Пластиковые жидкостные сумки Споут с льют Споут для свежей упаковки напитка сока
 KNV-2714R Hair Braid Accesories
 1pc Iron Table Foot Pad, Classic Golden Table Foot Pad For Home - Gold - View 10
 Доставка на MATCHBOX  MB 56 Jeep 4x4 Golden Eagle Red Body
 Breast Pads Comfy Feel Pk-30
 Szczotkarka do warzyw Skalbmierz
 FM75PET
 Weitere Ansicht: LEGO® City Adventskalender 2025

################

**TASK DIRECTIONS:**
For the word "Golden", count the lines of the data that contain it and state only that count.

**SOLUTION BELOW:**
2